The required answer is an exact copy of the lines from the one containing "lisaxxy online show" to the end of the listing, both included, without any pictures.

☆ ☆ ☆ ☆

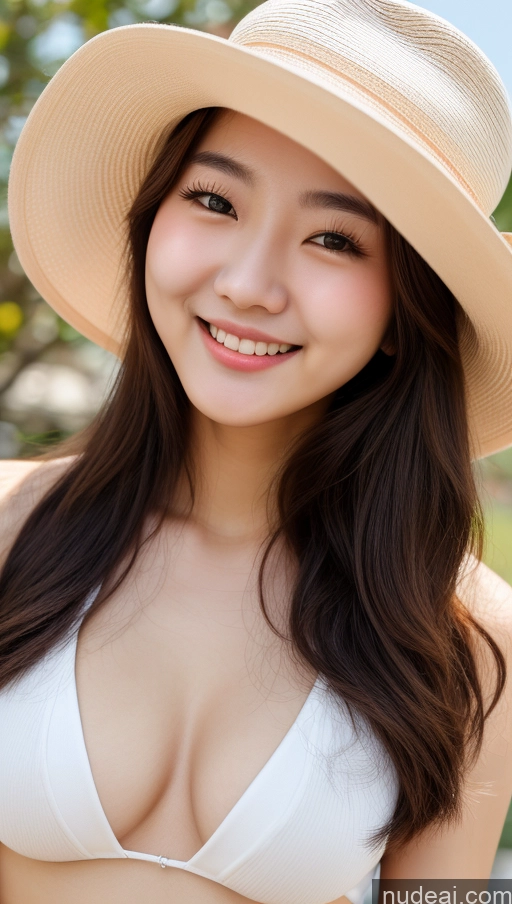 related ai porn images free for 18 Happy Small Tits Skinny Hat Korean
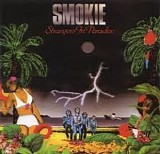 Smokie - Strangers In Paradise (2008 Remastered)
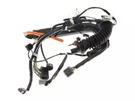 Genuine Ford Wire Assembly Jumper AL5Z-14631-B. Fixed Price $61.85.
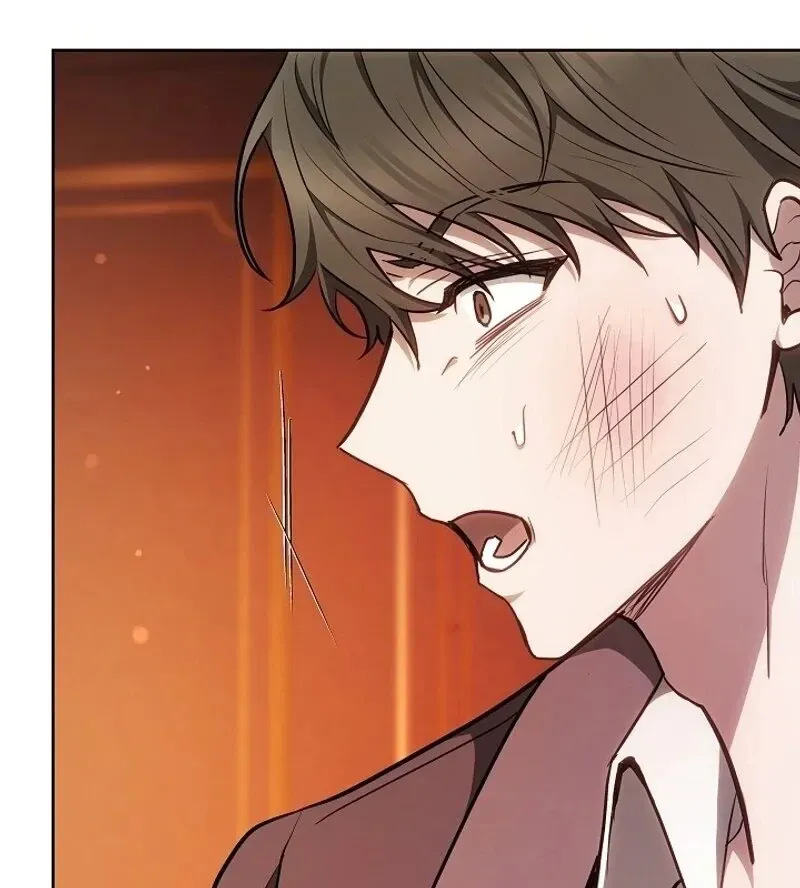 Let me sleep Chapter 4 Online - página 61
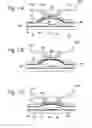 Fig. 08 - Mobile keyboard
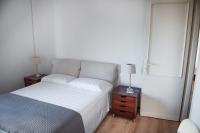 La Casa Rosa - The Pink House - B&B Alghero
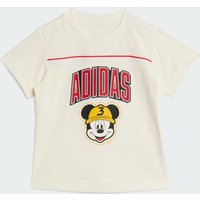 ADIDAS DISNEY MICKEY MOUSE T-Shirt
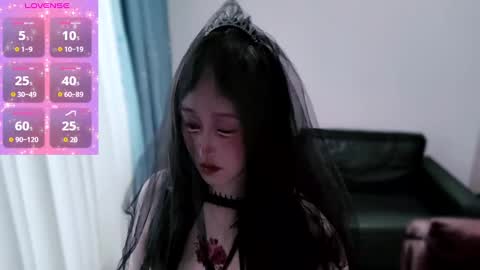 lisaxxy online show from October 2025 05:49:01 AM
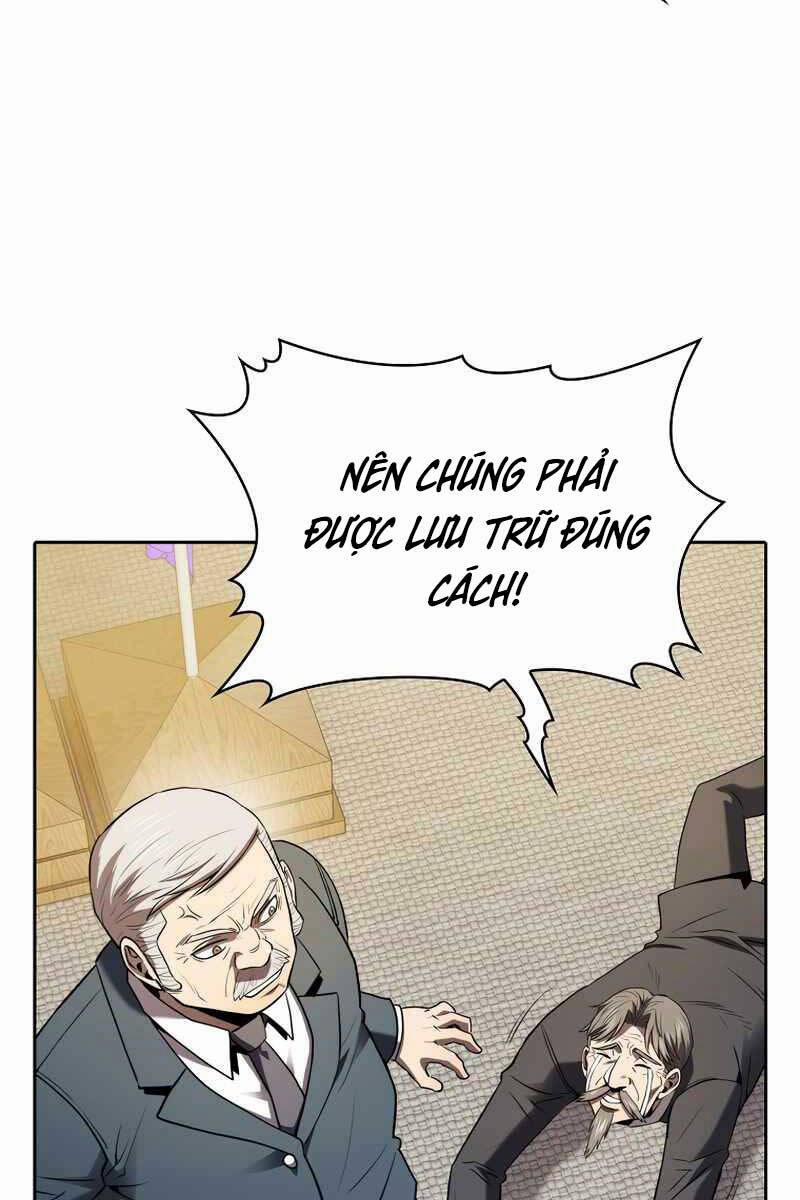 Người Chơi Trở Về Từ Địa Ngục 125 trang 85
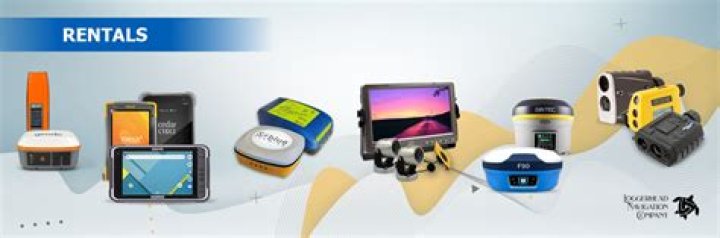 Affordable GPS Rental Solutions: Navigate with Ease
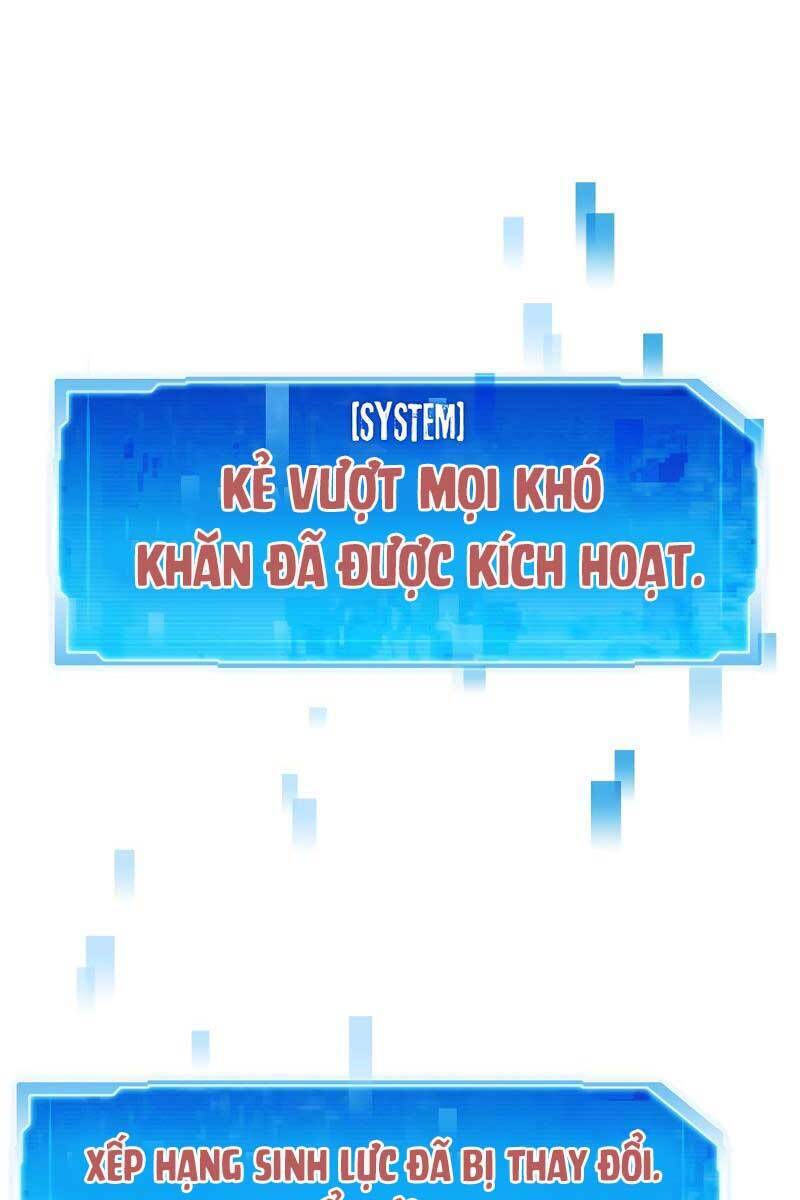 Hồi Quy Giả Chap 8 - Next Chap 9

☆ ☆ ☆ ☆

■ OUTPUT
 lisaxxy online show from October 2025 05:49:01 AM
 Người Chơi Trở Về Từ Địa Ngục 125 trang 85
 Affordable GPS Rental Solutions: Navigate with Ease
 Hồi Quy Giả Chap 8 - Next Chap 9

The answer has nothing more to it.